— Activity —
Instruction for the entries that follow: retype exactly the lines from the line with "Jagannath Mujhse Kyun" to the line with "Ariat Women T-shirts", both included, and omit all others.

— Data extracts —
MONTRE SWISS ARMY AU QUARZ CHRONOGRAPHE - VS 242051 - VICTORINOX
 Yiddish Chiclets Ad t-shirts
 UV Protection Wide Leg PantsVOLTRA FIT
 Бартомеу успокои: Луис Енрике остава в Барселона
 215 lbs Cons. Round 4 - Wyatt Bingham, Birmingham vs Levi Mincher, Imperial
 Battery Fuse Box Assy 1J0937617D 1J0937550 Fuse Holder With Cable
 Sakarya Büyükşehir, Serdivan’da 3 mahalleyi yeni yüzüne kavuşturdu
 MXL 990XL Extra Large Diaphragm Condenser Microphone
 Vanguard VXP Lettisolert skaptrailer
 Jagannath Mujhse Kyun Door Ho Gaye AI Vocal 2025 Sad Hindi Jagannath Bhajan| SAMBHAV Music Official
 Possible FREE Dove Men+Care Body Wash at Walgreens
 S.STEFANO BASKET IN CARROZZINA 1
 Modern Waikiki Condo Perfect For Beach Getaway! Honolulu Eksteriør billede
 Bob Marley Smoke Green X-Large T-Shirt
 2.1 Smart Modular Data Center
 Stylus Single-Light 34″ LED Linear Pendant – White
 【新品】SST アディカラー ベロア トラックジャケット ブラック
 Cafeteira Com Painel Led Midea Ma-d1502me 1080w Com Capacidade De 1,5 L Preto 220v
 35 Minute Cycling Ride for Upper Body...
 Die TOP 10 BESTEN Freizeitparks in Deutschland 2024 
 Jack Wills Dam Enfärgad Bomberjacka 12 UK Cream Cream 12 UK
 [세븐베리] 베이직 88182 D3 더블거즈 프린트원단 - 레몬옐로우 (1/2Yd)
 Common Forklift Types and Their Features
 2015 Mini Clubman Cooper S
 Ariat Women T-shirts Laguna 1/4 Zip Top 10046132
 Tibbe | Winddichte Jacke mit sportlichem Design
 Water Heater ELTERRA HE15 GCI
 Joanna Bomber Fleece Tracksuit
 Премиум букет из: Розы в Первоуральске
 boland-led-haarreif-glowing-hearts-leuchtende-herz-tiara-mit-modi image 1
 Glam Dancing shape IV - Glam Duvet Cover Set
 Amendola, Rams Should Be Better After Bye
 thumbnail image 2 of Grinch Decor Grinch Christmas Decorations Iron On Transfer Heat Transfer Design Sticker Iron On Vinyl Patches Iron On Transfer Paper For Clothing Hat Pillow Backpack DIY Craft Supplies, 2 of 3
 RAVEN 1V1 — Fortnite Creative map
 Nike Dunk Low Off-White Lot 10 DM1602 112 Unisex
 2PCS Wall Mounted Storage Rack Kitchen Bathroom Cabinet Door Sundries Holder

— Exercise output —
 Jagannath Mujhse Kyun Door Ho Gaye AI Vocal 2025 Sad Hindi Jagannath Bhajan| SAMBHAV Music Official
 Possible FREE Dove Men+Care Body Wash at Walgreens
 S.STEFANO BASKET IN CARROZZINA 1
 Modern Waikiki Condo Perfect For Beach Getaway! Honolulu Eksteriør billede
 Bob Marley Smoke Green X-Large T-Shirt
 2.1 Smart Modular Data Center
 Stylus Single-Light 34″ LED Linear Pendant – White
 【新品】SST アディカラー ベロア トラックジャケット ブラック
 Cafeteira Com Painel Led Midea Ma-d1502me 1080w Com Capacidade De 1,5 L Preto 220v
 35 Minute Cycling Ride for Upper Body...
 Die TOP 10 BESTEN Freizeitparks in Deutschland 2024 
 Jack Wills Dam Enfärgad Bomberjacka 12 UK Cream Cream 12 UK
 [세븐베리] 베이직 88182 D3 더블거즈 프린트원단 - 레몬옐로우 (1/2Yd)
 Common Forklift Types and Their Features
 2015 Mini Clubman Cooper S
 Ariat Women T-shirts Laguna 1/4 Zip Top 10046132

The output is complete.